I didn’t have to go much farther than Super Natural Every Day, Heidi Swanson’s newest cooking bible. I’ve liked Heidi’s recipes in the past because they’re fresh and creative, but in the last six months—yes, it’s been that long since I cut out gluten, eggs, and soy—her books have provided constant inspiration when I’m trying to find a path out of the way I used to cook (or at least from empty kitchen to warm dessert). She cooks things that are instantly familiar, even if you’ve never tasted anything remotely similar. She uses unique ingredients without making them seem like substitutions. And in my experience, every recipe works every time. Case in point: chocolate chip cookies.
Heidi calls these “Carnival Cookies.” It’s fitting, given the original combination of peanuts, popcorn, and chocolate chips, but for me, the name is more about the fun. Stirring up something called a cookie without going through the normal cookie motions—for one, these don’t require a mixer, or even sugar—was somehow liberating, allergies be damned. Substituting a big handful of millet for some of the oats, and pecans for the peanuts, was easy enough, and made these safe for my father-in-law, who’s allergic to peanuts. They’ll work for my friend’s hypersensitive son. And they’ll work for me, because if I’m allergic to anything in this world, it’s a week without a great cookie.
Millet-Pecan Carnival Cookies (PDF)
Changed only slightly from Heidi Swanson’s recipe for Carnival Cookies in her latest book, Super Natural Every Day (Ten Speed, 2011), these cookies are a blast. Between crunchy millet, swaths of chocolate, and little popcorn grenades, they’re far more interesting in the mouth than your average chocolate chip cookie—and appropriate for many with dietary restrictions.
Active time: 20 minutes
Makes about 24 cookies
1 1/2 cups well-mashed bananas (about 3 large)
1 teaspoon pure vanilla extract
1/4 cup barely warmed (not solid) extra-virgin coconut oil
1 cup rolled oats
1/2 cup raw millet
1/2 cup almond meal
1 teaspoon baking powder
1/2 teaspoon ground cinnamon
1/2 teaspoon sea salt
2/3 cup chopped toasted pecans
1 cup semisweet chocolate chips
1 1/2 cups popped corn
Preheat the oven to 350 degrees F. Line two baking sheets with parchment paper and set aside.

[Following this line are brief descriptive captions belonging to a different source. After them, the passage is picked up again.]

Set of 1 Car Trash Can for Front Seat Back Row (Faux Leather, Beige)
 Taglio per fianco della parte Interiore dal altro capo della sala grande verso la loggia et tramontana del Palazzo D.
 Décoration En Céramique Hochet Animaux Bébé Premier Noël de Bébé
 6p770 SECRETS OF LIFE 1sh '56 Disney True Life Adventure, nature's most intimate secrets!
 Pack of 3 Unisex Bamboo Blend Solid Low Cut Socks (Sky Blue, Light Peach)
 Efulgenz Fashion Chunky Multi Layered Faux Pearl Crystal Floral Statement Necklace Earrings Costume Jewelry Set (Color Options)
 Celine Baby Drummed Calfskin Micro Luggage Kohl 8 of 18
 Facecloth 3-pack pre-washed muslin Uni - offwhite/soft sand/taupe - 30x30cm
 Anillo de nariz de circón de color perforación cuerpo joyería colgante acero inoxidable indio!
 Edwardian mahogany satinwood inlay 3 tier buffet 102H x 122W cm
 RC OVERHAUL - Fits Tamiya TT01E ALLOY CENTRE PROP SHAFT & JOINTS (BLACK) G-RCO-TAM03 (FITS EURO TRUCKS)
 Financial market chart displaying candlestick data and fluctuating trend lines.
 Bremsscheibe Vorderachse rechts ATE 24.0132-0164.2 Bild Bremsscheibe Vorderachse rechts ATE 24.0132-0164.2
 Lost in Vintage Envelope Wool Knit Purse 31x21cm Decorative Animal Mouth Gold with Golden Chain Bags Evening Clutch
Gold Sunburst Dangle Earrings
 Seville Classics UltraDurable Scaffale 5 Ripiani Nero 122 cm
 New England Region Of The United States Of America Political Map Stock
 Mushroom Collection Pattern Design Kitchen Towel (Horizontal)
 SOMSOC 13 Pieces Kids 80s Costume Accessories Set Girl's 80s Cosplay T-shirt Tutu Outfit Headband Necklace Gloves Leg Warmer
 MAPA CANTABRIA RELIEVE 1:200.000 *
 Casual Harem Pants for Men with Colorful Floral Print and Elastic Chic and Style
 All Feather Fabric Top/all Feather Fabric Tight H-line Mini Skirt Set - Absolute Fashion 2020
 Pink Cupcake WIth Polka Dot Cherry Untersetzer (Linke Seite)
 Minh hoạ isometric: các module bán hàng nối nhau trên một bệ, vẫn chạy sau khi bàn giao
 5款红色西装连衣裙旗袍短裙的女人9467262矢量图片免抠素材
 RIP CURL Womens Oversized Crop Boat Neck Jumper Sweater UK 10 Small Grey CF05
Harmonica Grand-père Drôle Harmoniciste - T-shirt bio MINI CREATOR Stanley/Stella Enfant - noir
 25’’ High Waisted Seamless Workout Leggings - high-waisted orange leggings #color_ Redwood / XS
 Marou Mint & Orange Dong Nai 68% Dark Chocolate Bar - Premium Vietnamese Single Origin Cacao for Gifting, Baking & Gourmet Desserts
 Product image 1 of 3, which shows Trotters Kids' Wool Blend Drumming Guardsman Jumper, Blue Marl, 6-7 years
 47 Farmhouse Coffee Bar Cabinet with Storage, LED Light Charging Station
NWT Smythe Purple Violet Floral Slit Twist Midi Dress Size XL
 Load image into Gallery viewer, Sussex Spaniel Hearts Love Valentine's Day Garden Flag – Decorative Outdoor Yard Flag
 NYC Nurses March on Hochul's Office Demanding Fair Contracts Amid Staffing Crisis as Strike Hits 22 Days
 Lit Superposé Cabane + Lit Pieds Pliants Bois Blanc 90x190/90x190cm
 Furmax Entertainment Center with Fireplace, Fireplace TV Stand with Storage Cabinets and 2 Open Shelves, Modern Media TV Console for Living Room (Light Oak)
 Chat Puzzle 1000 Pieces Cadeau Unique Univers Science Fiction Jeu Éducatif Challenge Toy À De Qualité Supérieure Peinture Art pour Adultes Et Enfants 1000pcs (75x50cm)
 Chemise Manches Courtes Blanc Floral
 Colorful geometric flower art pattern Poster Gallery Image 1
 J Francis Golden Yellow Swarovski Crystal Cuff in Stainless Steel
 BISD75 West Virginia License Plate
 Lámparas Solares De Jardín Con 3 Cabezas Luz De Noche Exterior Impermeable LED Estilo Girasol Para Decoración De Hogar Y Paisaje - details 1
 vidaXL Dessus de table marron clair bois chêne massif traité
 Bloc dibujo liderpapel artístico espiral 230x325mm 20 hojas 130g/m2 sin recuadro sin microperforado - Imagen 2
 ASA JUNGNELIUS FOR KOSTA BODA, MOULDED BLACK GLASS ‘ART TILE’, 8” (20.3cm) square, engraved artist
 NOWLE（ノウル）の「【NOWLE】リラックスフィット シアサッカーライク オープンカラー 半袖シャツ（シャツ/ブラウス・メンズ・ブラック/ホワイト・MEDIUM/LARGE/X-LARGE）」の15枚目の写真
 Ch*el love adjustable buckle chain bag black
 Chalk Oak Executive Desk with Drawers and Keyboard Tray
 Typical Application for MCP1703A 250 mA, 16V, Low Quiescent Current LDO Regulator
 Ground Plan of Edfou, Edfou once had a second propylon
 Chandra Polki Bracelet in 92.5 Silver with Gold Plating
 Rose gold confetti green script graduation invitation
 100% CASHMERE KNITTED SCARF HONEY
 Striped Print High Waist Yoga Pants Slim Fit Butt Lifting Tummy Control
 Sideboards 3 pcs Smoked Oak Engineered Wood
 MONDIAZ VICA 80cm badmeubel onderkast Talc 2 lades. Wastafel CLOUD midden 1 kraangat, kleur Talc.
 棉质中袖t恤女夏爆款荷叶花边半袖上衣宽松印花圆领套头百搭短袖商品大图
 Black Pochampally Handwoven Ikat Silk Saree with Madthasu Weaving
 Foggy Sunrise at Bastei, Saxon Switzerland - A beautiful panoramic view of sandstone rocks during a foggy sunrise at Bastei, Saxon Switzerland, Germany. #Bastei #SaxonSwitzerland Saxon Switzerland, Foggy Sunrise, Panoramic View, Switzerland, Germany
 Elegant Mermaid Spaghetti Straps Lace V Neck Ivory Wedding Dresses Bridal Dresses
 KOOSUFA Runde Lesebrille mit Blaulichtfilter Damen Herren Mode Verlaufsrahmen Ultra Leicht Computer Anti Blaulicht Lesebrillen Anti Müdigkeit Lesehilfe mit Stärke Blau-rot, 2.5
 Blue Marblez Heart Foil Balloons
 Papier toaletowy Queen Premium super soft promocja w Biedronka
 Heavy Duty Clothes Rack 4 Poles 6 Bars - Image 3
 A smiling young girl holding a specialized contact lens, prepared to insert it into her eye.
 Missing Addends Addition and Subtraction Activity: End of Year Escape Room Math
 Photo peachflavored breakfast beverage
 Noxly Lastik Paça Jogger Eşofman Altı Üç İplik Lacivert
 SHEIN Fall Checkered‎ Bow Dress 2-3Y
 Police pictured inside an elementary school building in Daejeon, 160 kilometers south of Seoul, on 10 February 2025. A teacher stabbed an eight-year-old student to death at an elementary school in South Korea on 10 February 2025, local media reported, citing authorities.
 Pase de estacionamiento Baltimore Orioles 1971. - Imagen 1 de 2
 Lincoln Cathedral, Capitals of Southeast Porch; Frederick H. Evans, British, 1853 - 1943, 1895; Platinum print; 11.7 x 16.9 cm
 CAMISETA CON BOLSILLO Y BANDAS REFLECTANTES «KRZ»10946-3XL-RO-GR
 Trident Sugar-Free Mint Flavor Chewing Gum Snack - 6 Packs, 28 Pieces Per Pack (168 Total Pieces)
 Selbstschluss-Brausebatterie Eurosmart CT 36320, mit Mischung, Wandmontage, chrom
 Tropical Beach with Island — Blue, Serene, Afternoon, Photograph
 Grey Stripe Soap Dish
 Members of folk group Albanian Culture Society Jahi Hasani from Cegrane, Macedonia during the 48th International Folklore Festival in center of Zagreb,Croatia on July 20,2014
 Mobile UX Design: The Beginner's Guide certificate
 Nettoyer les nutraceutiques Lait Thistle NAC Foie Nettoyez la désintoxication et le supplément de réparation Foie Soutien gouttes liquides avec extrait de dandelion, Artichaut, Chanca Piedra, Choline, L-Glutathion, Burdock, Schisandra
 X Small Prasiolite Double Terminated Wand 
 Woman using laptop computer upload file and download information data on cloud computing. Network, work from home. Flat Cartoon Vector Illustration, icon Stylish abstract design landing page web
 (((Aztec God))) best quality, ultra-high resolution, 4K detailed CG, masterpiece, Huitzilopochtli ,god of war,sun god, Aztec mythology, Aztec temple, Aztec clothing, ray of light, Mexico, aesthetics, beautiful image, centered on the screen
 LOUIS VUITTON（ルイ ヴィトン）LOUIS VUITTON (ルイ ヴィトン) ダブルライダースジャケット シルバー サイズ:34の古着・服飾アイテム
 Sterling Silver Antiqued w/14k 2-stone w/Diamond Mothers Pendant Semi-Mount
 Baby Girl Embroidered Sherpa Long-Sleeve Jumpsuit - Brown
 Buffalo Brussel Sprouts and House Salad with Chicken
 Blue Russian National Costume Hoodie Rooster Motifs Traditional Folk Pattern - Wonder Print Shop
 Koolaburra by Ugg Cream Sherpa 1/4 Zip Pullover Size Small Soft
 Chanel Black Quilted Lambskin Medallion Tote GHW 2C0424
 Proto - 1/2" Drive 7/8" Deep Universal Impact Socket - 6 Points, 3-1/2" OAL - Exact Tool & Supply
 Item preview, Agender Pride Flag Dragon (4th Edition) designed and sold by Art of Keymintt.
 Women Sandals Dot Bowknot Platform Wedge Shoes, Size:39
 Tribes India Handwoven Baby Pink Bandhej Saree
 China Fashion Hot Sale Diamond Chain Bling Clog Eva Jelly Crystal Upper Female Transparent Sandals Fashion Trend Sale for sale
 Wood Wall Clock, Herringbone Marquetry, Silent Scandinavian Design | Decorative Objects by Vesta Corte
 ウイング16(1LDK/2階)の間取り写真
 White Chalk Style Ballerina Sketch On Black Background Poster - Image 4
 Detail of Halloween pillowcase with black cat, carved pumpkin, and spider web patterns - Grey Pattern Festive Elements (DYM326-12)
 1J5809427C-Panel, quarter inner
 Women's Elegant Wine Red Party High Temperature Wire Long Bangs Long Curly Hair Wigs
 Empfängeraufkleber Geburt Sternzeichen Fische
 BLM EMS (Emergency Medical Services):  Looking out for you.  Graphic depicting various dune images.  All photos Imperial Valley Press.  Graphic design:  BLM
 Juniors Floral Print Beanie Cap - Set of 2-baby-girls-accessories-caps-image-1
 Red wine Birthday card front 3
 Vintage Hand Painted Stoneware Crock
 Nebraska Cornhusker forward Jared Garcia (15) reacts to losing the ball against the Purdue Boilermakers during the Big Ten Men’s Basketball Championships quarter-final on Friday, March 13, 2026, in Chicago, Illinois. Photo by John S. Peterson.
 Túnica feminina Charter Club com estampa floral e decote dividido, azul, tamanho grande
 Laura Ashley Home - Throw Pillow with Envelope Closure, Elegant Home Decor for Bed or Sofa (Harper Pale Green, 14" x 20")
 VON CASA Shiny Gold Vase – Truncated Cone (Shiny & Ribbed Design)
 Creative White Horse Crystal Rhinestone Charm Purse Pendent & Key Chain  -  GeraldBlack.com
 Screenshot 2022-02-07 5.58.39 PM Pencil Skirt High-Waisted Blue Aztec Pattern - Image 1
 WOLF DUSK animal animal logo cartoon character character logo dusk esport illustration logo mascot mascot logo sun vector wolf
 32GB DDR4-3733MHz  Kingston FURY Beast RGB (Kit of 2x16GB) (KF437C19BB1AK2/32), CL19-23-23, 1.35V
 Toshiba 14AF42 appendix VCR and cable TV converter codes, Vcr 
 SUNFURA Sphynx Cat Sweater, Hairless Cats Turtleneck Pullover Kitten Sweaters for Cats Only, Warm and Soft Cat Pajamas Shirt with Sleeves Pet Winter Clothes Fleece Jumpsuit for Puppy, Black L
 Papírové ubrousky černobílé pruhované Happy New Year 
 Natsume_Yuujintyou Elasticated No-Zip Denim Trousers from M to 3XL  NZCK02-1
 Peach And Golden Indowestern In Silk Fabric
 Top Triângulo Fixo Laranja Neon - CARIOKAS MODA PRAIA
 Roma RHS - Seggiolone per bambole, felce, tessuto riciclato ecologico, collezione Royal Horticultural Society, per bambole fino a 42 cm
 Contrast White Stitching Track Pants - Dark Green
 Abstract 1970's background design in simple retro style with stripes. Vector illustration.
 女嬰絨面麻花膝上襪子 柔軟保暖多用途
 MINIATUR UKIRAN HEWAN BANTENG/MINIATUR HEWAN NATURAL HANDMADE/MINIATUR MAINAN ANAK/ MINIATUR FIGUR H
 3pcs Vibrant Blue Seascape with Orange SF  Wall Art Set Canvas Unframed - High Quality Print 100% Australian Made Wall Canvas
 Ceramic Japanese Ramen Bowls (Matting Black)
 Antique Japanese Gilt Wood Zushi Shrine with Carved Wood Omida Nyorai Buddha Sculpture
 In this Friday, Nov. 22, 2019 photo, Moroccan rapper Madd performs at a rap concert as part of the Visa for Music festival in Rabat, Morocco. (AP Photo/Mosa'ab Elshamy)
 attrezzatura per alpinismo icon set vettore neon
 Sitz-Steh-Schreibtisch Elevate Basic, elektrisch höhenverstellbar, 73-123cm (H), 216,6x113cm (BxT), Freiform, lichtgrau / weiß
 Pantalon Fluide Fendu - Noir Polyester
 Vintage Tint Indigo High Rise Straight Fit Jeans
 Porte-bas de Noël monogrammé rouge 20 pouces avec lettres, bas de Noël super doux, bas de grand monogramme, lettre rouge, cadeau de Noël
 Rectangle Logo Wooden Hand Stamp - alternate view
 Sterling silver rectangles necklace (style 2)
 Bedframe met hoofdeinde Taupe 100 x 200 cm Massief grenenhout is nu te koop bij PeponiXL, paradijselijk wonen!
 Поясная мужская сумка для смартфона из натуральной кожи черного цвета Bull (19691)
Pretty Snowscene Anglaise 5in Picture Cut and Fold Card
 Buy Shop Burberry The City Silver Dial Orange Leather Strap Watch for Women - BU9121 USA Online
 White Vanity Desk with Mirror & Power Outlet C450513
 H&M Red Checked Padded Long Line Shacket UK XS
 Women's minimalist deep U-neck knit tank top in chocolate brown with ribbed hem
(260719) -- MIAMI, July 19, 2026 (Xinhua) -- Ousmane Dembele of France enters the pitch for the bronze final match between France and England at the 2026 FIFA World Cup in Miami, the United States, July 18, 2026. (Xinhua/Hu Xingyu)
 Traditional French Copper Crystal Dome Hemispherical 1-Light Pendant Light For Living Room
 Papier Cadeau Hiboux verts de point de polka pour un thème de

In a large bowl, combine the bananas, vanilla, and coconut oil. Set aside. In another bowl, whisk together the oats, millet, almond meal, baking powder, cinnamon, and salt. Add the dry ingredients to the wet ingredients and stir until combined. Fold in the pecans, then the chocolate chips, and finally the popped corn. (It won’t look like normal cookie dough.) Shape the dough into 1-inch balls with your hands, packing the dough firmly together. Place them 2 inches apart on the baking sheets, and press each ball down a bit with the palm of your hand, so each mound of dough is about 1/2-inch tall.
Bake the cookies for 15 to 20 minutes, rotating the sheets halfway through, or until the bottoms of the cookies are a deep golden brown. Allow the cookies to cool completely, directly on the baking sheets.